-------- Data for the task --------
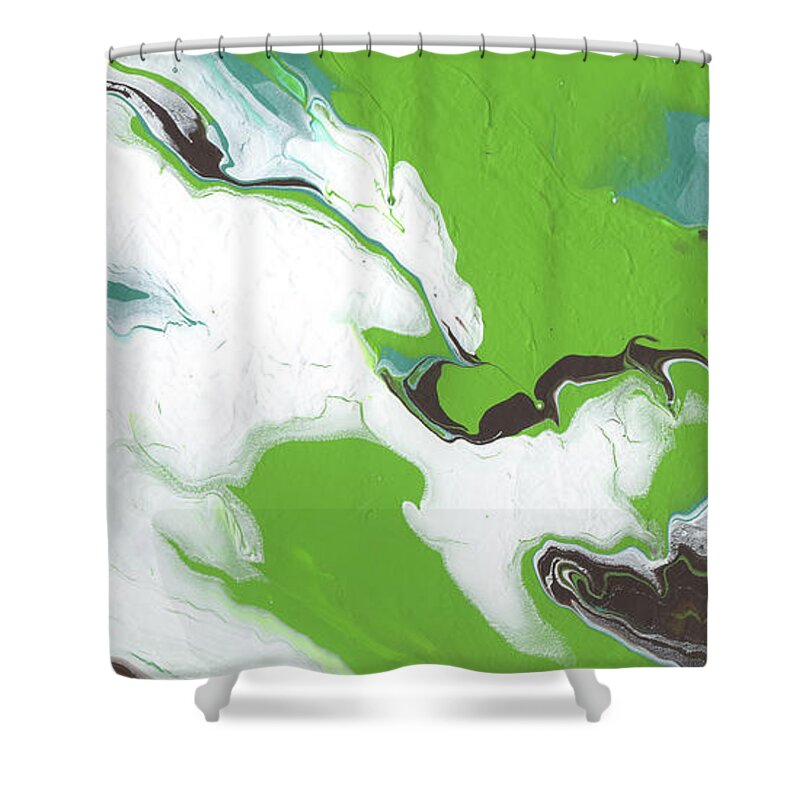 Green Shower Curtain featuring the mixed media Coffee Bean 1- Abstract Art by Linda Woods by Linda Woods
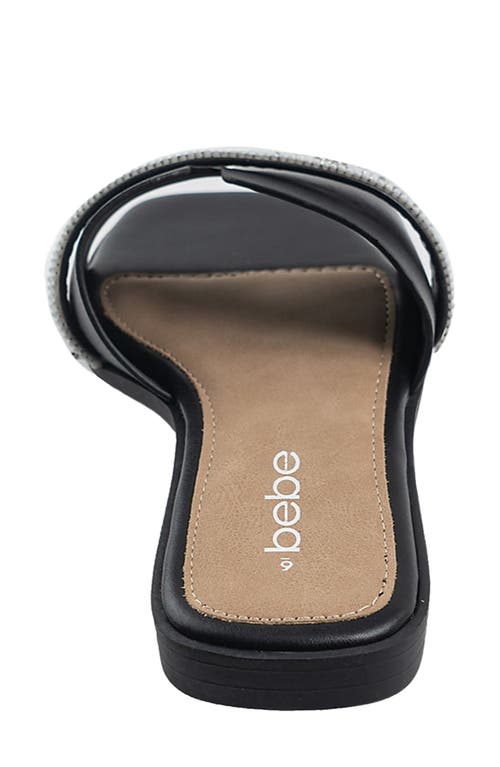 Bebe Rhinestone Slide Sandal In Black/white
--------
-------- Data for the task --------
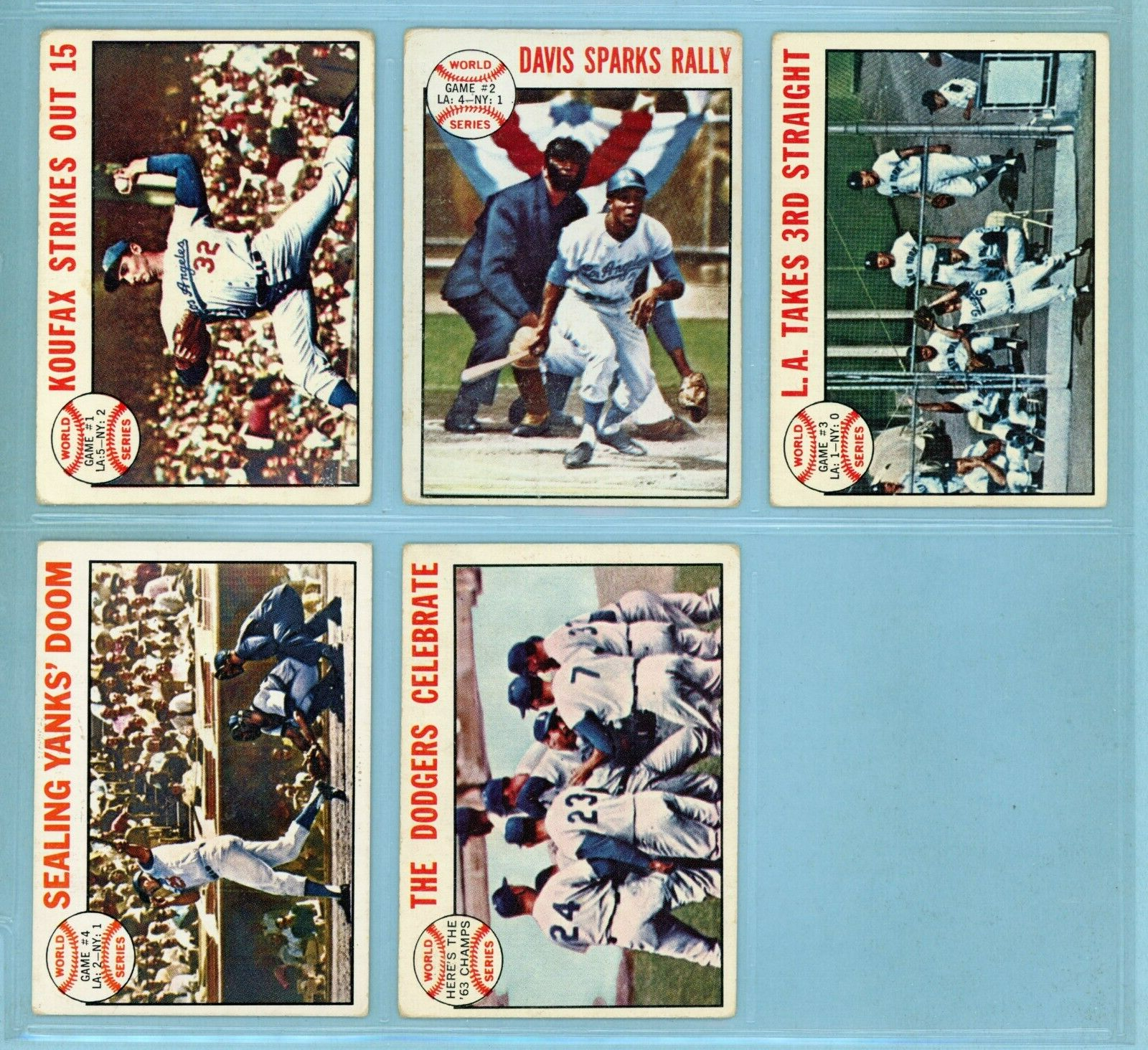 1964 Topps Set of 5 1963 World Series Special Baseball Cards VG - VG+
--------
Output exactly those lines of the data above that run from the line with "Green Shower Curtain" up to and including the line with "Bebe Rhinestone Slide Sandal In Black/white". No pictures go in.

 Green Shower Curtain featuring the mixed media Coffee Bean 1- Abstract Art by Linda Woods by Linda Woods
 Bebe Rhinestone Slide Sandal In Black/white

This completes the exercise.